Als der 1. FC Köln seine kurioseste Uefa-Cup-Saison spielte

»Wir mussten auf der Straße Rosen verteilen«

Sportlich war Waregem kein Gegner, dennoch dürfte das Rückspiel der Knackpunkt einer Furiosen FC-Saison gewesen sein. Nachdem es im Kölner Block zu Ausschreitungen gekommen war,  bekam der FC von der Uefa die Auflage, das Heimspiel des damals noch in Hin- und Rückspiel ausgetragen Endspiels mindestens 350 Kilometer von der Domstadt entfernt austragen zu müssen. Bitter für die Fans und auch für den Verein, dem knapp zwei Millionen Mark an Einnahmen entgingen. Da mit Pierre Littbarski und Thomas Häßler zwei gebürtige Berliner im Kader und mit Georg Kessler ein ehemaliger Hertha-Erfolgscoach an der Seitenlinie stand, entschieden sich die Verantwortlichen für Berlin als Austragungsort, in der Hoffnung, so ein paar zusätzliche Fans ins Stadion locken zu können. 

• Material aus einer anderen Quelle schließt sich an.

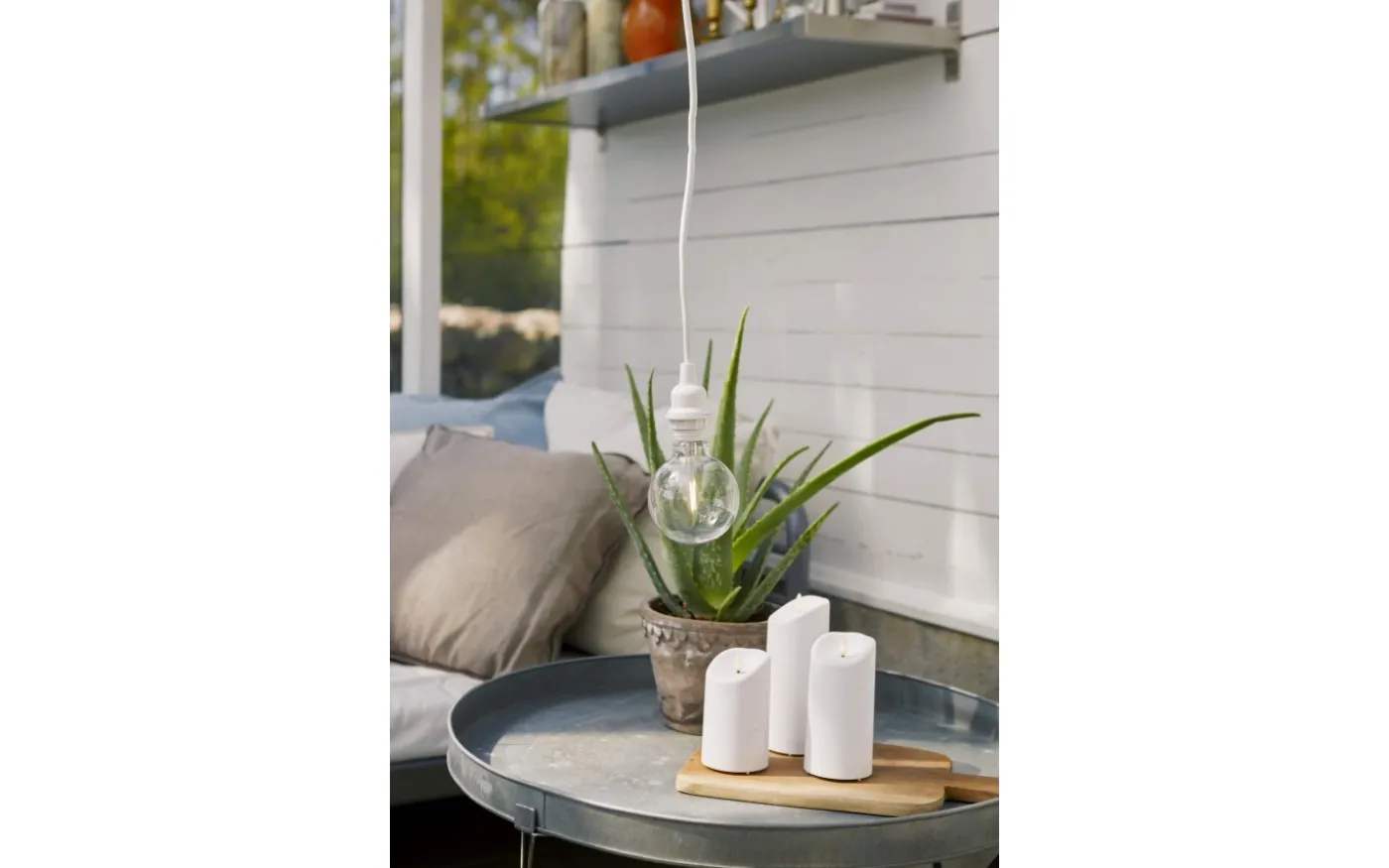 Flamme Blockljus 13cm Utomhusbruk Vit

Ein Versuch, der misslang. Zumal die Kölner das Hinspiel in Madrid mit 1:5 ordentlich in den Sand gesetzt hatten, trotz einer 1:0-Führung durch Klaus Allofs. Der Zuschauerandrang in Berlin hielt sich demensprechend in Grenzen. »Als PR-Maßnahme mussten wir Spieler am Spieltag noch über den Ku’damm laufen und auf der Straße Rosen verteilen, um Werbung für die Partie zu machen. Geholfen hat das nichts, es kamen nur 16000 Zuschauer«, erinnert sich Uwe Bein, der beim 2:0-Rückspielsieg das Führungstor erzielte. Trainer Keßler war sich sicher: »Unsere Niederlage begann aber schon mit dem Skandalurteil der Uefa in Zürich.«


Immerhin: Zwischen den beiden Endspielen konnte der FC im letzten Bundesligaspiel mit 3:0 gegen den VfL Bochum den Klassenerhalt sichern. In der Relegation, die letztlich Borussia Dortmund antreten musste, hätte Stadtrivale Fortuna Köln gewartet. Möglicherweise mit Zitronen und bereit zum Handgemenge.